Dal dibattito sono emerse tre criticità principali:

  • Partecipazione civica debole: è stata più volte denunciata la scarsa inclusione della cittadinanza nei processi decisionali, soprattutto rispetto a opere di grande impatto gestite in tempi stretti e con fondi ingenti, spesso senza adeguata trasparenza.
  • Sostenibilità della mobilità: in contrasto con le linee guida del Piano Clima Alto Adige 2040, sono emerse forti perplessità sull’effettiva utilità delle nuove rotonde previste a Rasun-Anterselva e Valdaora, nonostante alcune modifiche progettuali.
  • Vincoli ambientali e opportunità locali: si è auspicata una maggiore concertazione tra istituzioni e comunità per armonizzare lo sviluppo infrastrutturale con i limiti ecologici del contesto alpino.

Cortina d’Ampezzo: trasformazioni urbanistiche e dubbi sulla legacy

Il secondo walkscape, svoltosi a Cortina, ha posto l’attenzione su alcune delle opere più simboliche e controverse dei Giochi: la Variante di Cortina (una galleria per deviare il traffico), la nuova pista da bob e la riqualificazione dell’ex stazione ferroviaria. Hanno partecipato numerose realtà civiche e ambientaliste, tra cui Voci di Cortina, Cortina Bene Comune, Libera Cadore, Italia Nostra, Plattform Pro Pustertal, e rappresentanti di Patagonia Cortina, insieme a Michele Di Gallo della Fondazione Cortina, presente in forma informale.
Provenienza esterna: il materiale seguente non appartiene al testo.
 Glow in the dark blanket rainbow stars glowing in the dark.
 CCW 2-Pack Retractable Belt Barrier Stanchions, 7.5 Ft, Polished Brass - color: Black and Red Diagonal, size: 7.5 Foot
Il confronto ha fatto emergere tre tematiche chiave:

  • Limitato coinvolgimento della cittadinanza: le associazioni locali hanno segnalato l’assenza di reali occasioni di partecipazione e di accesso alle informazioni, lamentando la mancata approvazione di un referendum consultivo sui Giochi e la debole rappresentanza delle istanze territoriali da parte della Fondazione Cortina.
  • Vantaggi disomogenei per la comunità locale: mentre Cortina attrae investimenti legati al turismo di fascia alta, mancano interventi a favore dei residenti, sia in termini di servizi che di infrastrutture necessarie. La gestione della nuova pista da bob e la mancata soluzione di problemi strutturali – come l’instabilità idrogeologica – sono stati indicati come esempi emblematici di scarsa attenzione alla realtà quotidiana degli abitanti.
  • Una legacy incerta e poco condivisa: le grandi opere rischiano di rimanere sovradimensionate e scollegate dai bisogni reali del territorio. In particolare, la Variante di Cortina è al centro di un acceso dibattito tra chi la considera un’opera strategica e chi ne teme l’impatto ambientale e l’inadeguatezza rispetto alle necessità locali e alle strategie di adattamento climatico.

Un’opportunità mancata?

Le evidenze raccolte durante le Walkscape confermano quanto già denunciato da POW Italy nel documento di posizionamento “Milano-Cortina 2026: un’opportunità mancata”, disponibile online. Il documento mette in luce:

  • Governance debole e trasparenza insufficiente: i processi decisionali sono risultati poco partecipati, con limitate valutazioni ambientali e scarsa integrazione delle politiche climatiche nazionali e internazionali.
  • Mobilità insostenibile e impatti ambientali elevati: molte opere risultano invasive e non coerenti con gli obiettivi di decarbonizzazione della mobilità alpina e nazionale.
  • Legacy poco chiara e carico sui territori: esiste il concreto rischio che le infrastrutture costruite per i Giochi restino inutilizzate, mentre i costi – economici, ambientali e sociali – ricadranno sulle comunità montane, già fortemente colpite dagli effetti della crisi climatica.

Verso un nuovo paradigma per le Alpi

Le Walkscape promosse da POW Italy rappresentano un importante tentativo di riappropriazione civica del territorio e di promozione di un dibattito consapevole e plurale sul futuro delle Alpi. In un contesto di cambiamento climatico accelerato e di crescente pressione su territori fragili, la pianificazione di grandi eventi non può prescindere da una governance partecipata, trasparente e orientata alla giustizia ambientale.

Solo partendo dall’ascolto delle comunità locali e dalla valorizzazione del patrimonio naturale e culturale sarà possibile trasformare eventi come le Olimpiadi in occasioni autentiche di rigenerazione territoriale e resilienza.